### Task to complete
Take the lines below beginning at the line that has "Лифтбек Toyota Prius" and stopping after the line that has "罗西尼手表，戴了2次，转手原因 ，款式不喜欢", and print them exactly as they are, with no other lines.

┌─ Material for this task

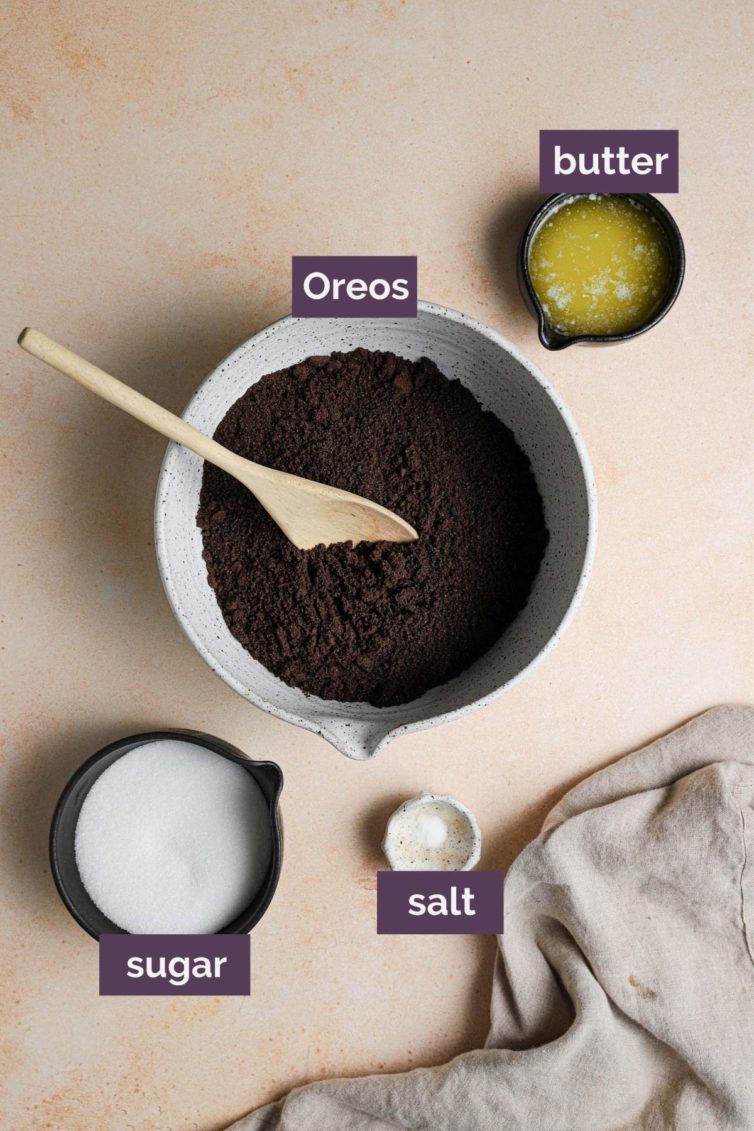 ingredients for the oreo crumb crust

└─
┌─ Material for this task

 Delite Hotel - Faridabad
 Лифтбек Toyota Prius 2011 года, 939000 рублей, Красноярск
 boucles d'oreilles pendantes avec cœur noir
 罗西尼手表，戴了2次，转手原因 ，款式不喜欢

└─

### Written reply
 Лифтбек Toyota Prius 2011 года, 939000 рублей, Красноярск
 boucles d'oreilles pendantes avec cœur noir
 罗西尼手表，戴了2次，转手原因 ，款式不喜欢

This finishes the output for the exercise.